#### Source material

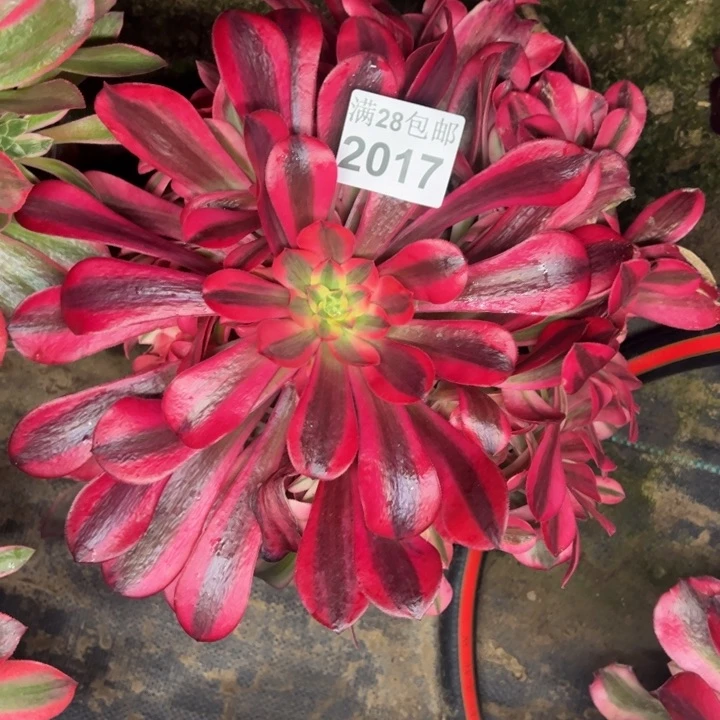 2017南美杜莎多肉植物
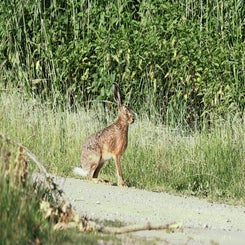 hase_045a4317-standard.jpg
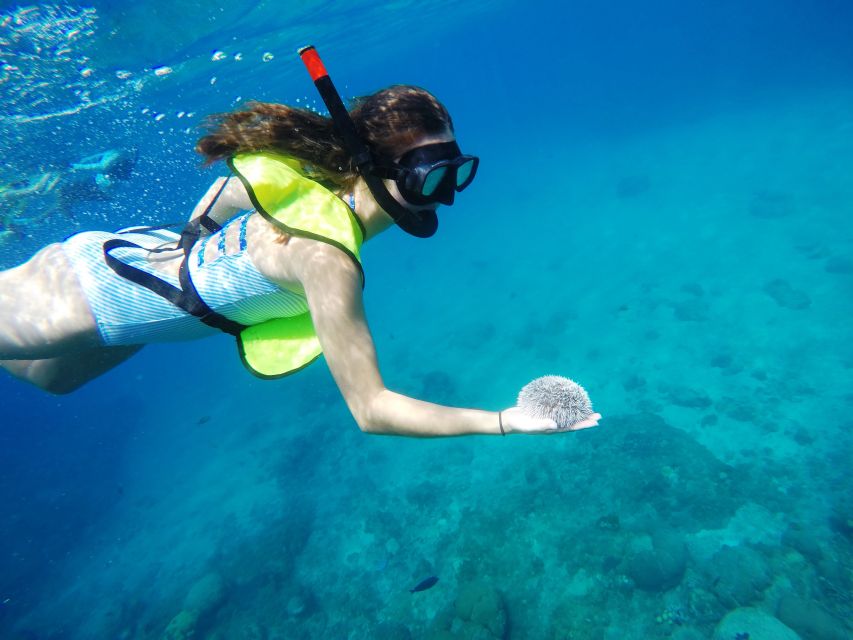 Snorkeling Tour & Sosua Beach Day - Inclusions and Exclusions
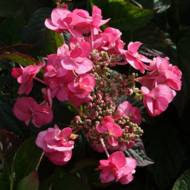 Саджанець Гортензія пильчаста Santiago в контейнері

########
#### Source material

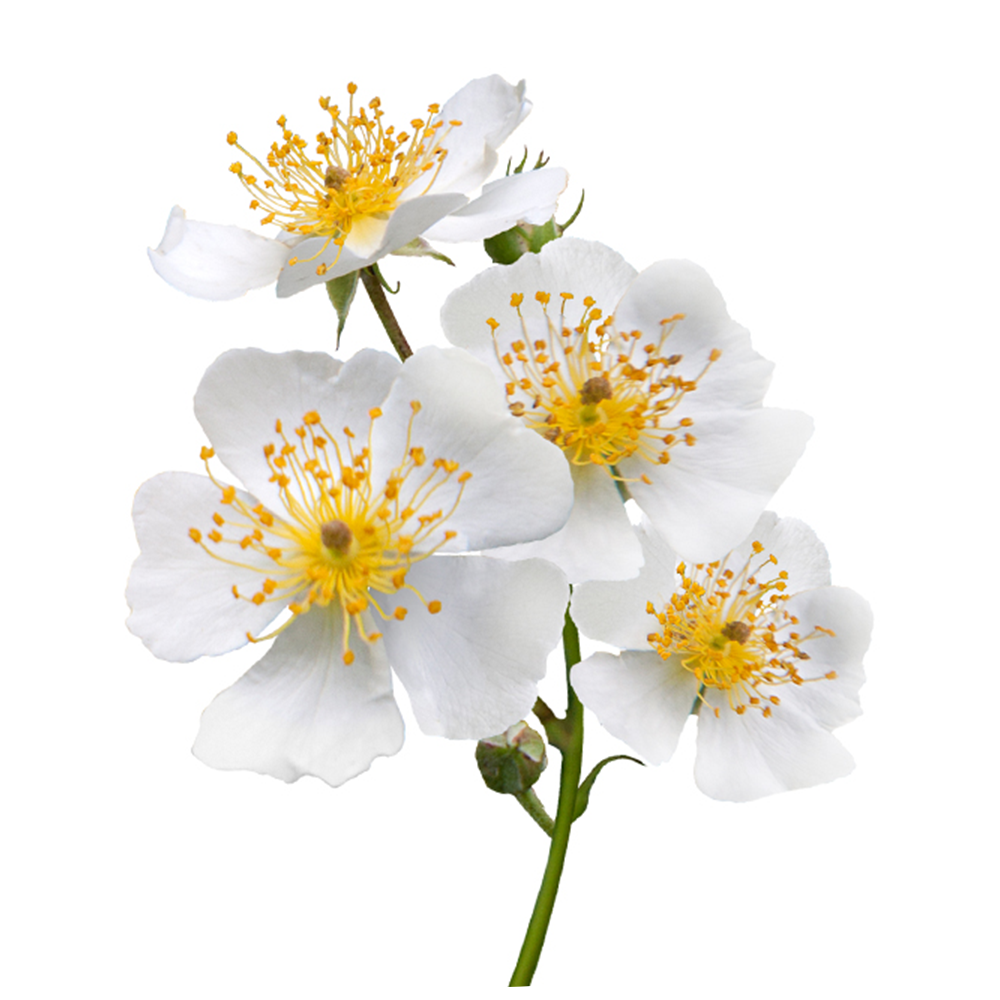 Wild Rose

########
#### Source material

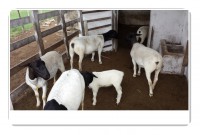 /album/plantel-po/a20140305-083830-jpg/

########

• Exercise prompt
What are the lines above from the one with "2017南美杜莎多肉植物" to the one with "Саджанець Гортензія пильчаста", both included? Reproduce them exactly, without pictures.

• Response box
 2017南美杜莎多肉植物
 hase_045a4317-standard.jpg
 Snorkeling Tour & Sosua Beach Day - Inclusions and Exclusions
 Саджанець Гортензія пильчаста Santiago в контейнері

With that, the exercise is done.